In short, I am very doubtful that a focus on knowledge as personal will make unnecessary the traditional discussion in the church about what truths God knows (or what truths there are to know). I’m delighted that God knows me but I am also keenly interested in whether or not he knows what is going to happen tomorrow and, if he knows, whether he knows because it is the way he decided things will be or whether he just happens to know because propositions about the future have non-temporal truth value.
This is a fascinating topic Scot, but I am mentally treading water just trying to keep up with your summary, so I doubt I could stay afloat through the actual book. However, a line I might be able to grab onto is this: "God’s election on the basis of foreknowledge is to be chosen to become who we are by being known to and by God," which calls Matthew 7:23 to mind. So the "non-elect" are, by contrast, not chosen by not being known, which seems clear enough as a propositional statement yet the subtleties of the term "being known" elude me. In what way is God's knowledge "deficient" as it relates to the "non-elect?"
Scot,
About eight years ago while in the In-Ministry program at Bethel Seminary
my first course was with LeRon. Needless to say it blew me out of the water. The conceptual space he has opened up for pondering and relating to God ends up being very doxological for me. You mentioned that Shults may have given us a way out of the foreknowledge debate with ominiscient faithfulness. May I add a thought to this? As I remember his class lectures and have read his books, LeRon actually brings robust trinitarianism into the picture to move us past the foreknowledge, ala openness of God debate. LeRon sees the problem as perceiving of God as a "single subject". If He is just "a person" and we have subtly placed Him in finite categories, then we develop epistemic anxiety about God having most of the facts and having to share them. Shults does not conceptualize God as "a" person. LeRon sees God as "personal" but trinitarian, not a single subject. Then Shults removes God from within the cateogory of knowlege (otherwise knowledge is more fundamental than God Himself). God makes possible knowng by being the constitutive source and goal of it. He is more fundamental than knowledge.
If I understand LeRon, he is trying to get us to see that if there is something called, say, "big" and God is just the biggest expression of it, this makes God finite to something more fundamental than God, Himself, namely "big". You can substitute any category for this (e.g. strength, knowlege). This was/is our modernist problem. But, I wonder if LeRon still clings to "relationality". As you described in an earlier post that LeRon's essence of God is the eternal trinitarian relations, I then wonder--if this is His essence, have we put God back within the category of "relationality"? It seems to me we can never escape categories and get behind the economic God. Help.
Something that helps me is remembering the difference Shults makes between "extensive" and "intensive".
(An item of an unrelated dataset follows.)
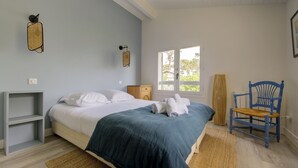 A bedroom with a bed, a chair, a window, and a wall-mounted light fixture. - Villa Veronica - À 50 m de la plage (Lège-Cap-Ferret)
Oh Mike! Great thoughts & explanation. I would think about it as: relationality IS reality, and in that reality we have a non-dualistic trinitarian Godhead. This skirts awfully close to things I have heard about Eastern thought, Buddhism particularly, differing in that the material is not illusion and Christianity has an answer for the problem of Evil. According to my best friend who has studied him, Ken Wilber, a western Buddhist philospher, posits that the answer to the problem of Evil will have to come from the west, because Buddhism doesn't have it. This is exciting to me as part of the "all things" that will be redeemed and presented to the Father in Jesus- the "all things" include other religious systems too. There is nothing that is outside Jesus' work. Glory!